The example is generated with GTIDs enabled, and all of the binary logs except binlog.000142 have been created after the last restart.

This shows that there has been 15341 transactions (74470a0c-8ea4-11ea-966e-080027effed8:30718-46058) of which 15321 have been compressed with an average of 59% compression (compressing 252,705,572 bytes to 102,796,461 bytes). There are also statistics for the first and most recent transaction that was compressed. Similarly there have been 20 “transactions” that could not be compressed.

One thing is to know the compression rate, you also need to know the price you pay in terms of the overhead of performing the compression and decompression. That can be monitored using two stage events in the Performance Schema:

  • stage/sql/Compressing transaction changes.
  • stage/sql/Decompressing transaction changes.

(Yes, the period is part of the name.)

Neither are enabled by default and for the instruments to be collection, you will also need to enable the events_stages_current consumer. For example to enable these in the configuration file:

[mysqld]
performance-schema-instrument = "stage/sql/%Compressing transaction changes.=ON"
performance-schema-consumer-events-stages-current = ON

Warning

There is some overhead by enabling instrumentation of stages. Make sure you test the impact first, if you consider enabling these on a production system.

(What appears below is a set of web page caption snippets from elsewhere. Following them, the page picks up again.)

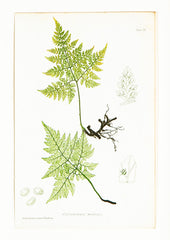 Set of 8 Thomas Moore Prints From "The Ferns of Great Britain & Ireland"  - Also Sold Individually @ $390.00  EACH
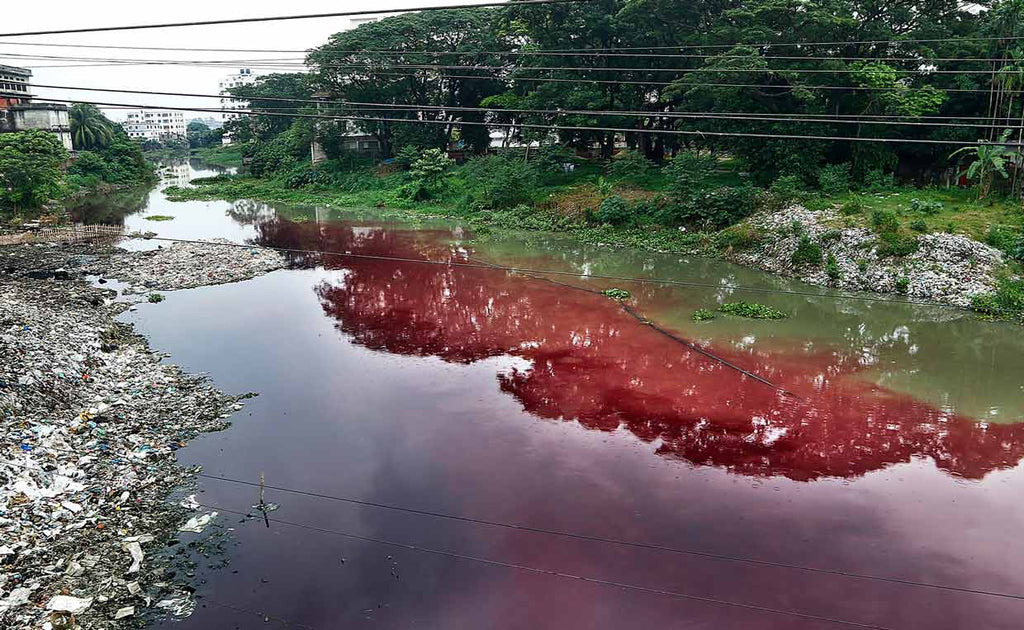 Dhaka, 31 agosto 2019. Il colore del Karnopara Canal'sl nella periferia di Dhaka è diventato viola a causa dello scarico delle acque reflue delle vicine fabbriche di tintura e dell'abbandono dei rifiuti. |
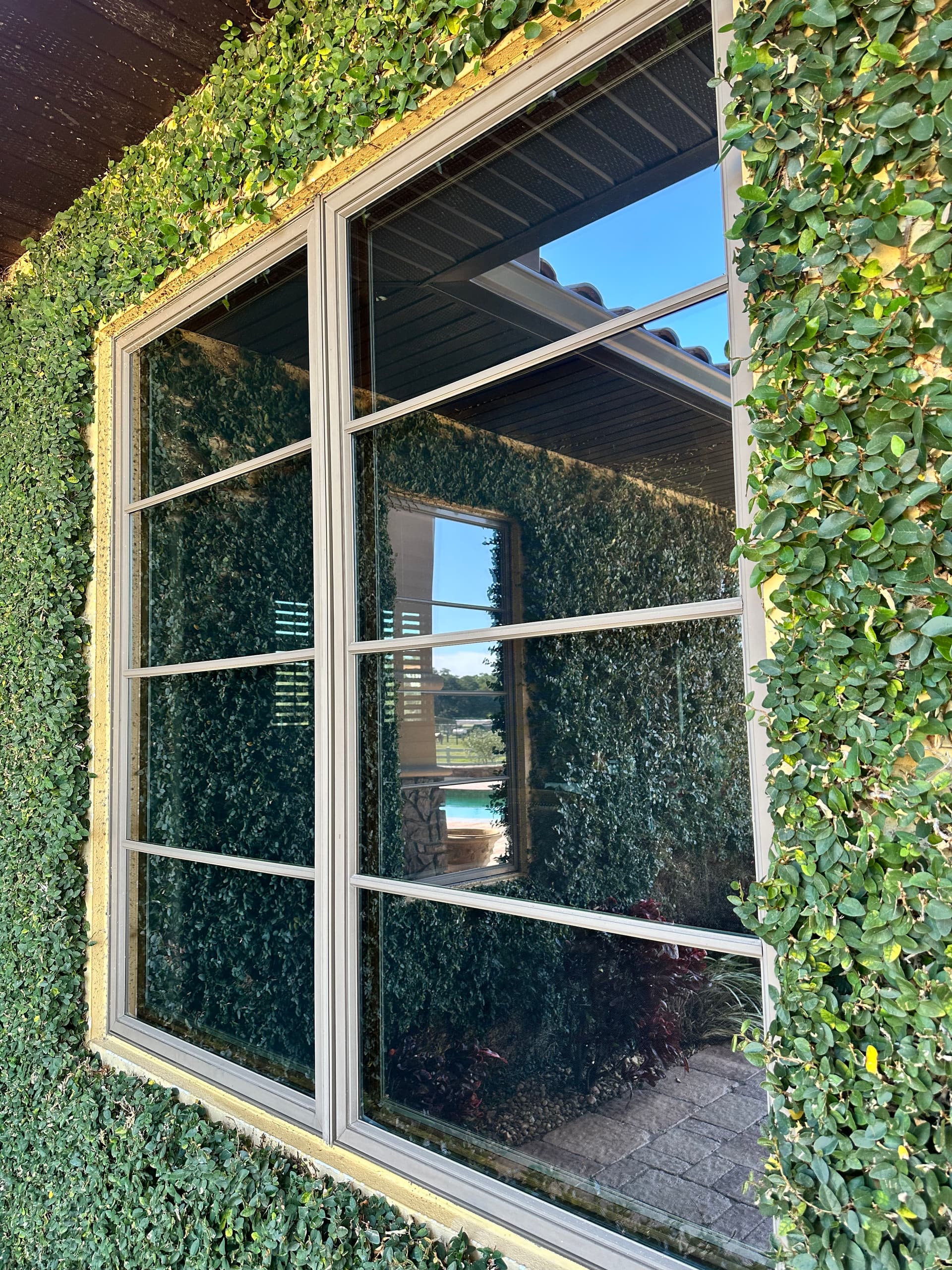 Clean Windows That Actually Show Off Your View image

You can compare that with the wait/io/file/sql/binlog event (enabled by default) which is the time spent doing I/O. For example:

mysql> SELECT EVENT_NAME, COUNT_STAR,
              FORMAT_PICO_TIME(SUM_TIMER_WAIT) AS total_latency,
              FORMAT_PICO_TIME(MIN_TIMER_WAIT) AS min_latency,
              FORMAT_PICO_TIME(AVG_TIMER_WAIT) AS avg_latency,
              FORMAT_PICO_TIME(MAX_TIMER_WAIT) AS max_latency
         FROM performance_schema.events_stages_summary_global_by_event_name
        WHERE EVENT_NAME LIKE 'stage/sql/%transaction changes.'\G
*************************** 1. row ***************************
   EVENT_NAME: stage/sql/Compressing transaction changes.
   COUNT_STAR: 15321
total_latency: 6.10 s
  min_latency: 22.00 ns
  avg_latency: 397.96 us
  max_latency: 982.12 ms
*************************** 2. row ***************************
   EVENT_NAME: stage/sql/Decompressing transaction changes.
   COUNT_STAR: 0
total_latency:   0 ps
  min_latency:   0 ps
  avg_latency:   0 ps
  max_latency:   0 ps
2 rows in set (0.0008 sec)

mysql> SELECT *
         FROM sys.io_global_by_wait_by_latency
        WHERE event_name = 'sql/binlog'\G
*************************** 1. row ***************************
   event_name: sql/binlog
        total: 27537
total_latency: 4.83 min
  avg_latency: 10.51 ms
  max_latency: 723.92 ms
 read_latency: 138.25 us
write_latency: 290.69 ms
 misc_latency: 4.82 min
   count_read: 37
   total_read: 1002 bytes
     avg_read:   27 bytes
  count_write: 16489
total_written: 99.26 MiB
  avg_written: 6.16 KiB
1 row in set (0.0015 sec)

In this case, I have used the sys.io_global_by_wait_by_latency view as a short cut as it automatically makes the latencies human readable. For the latencies of the compression/decompression stages, the FORMAT_PICO_TIME() function convert them.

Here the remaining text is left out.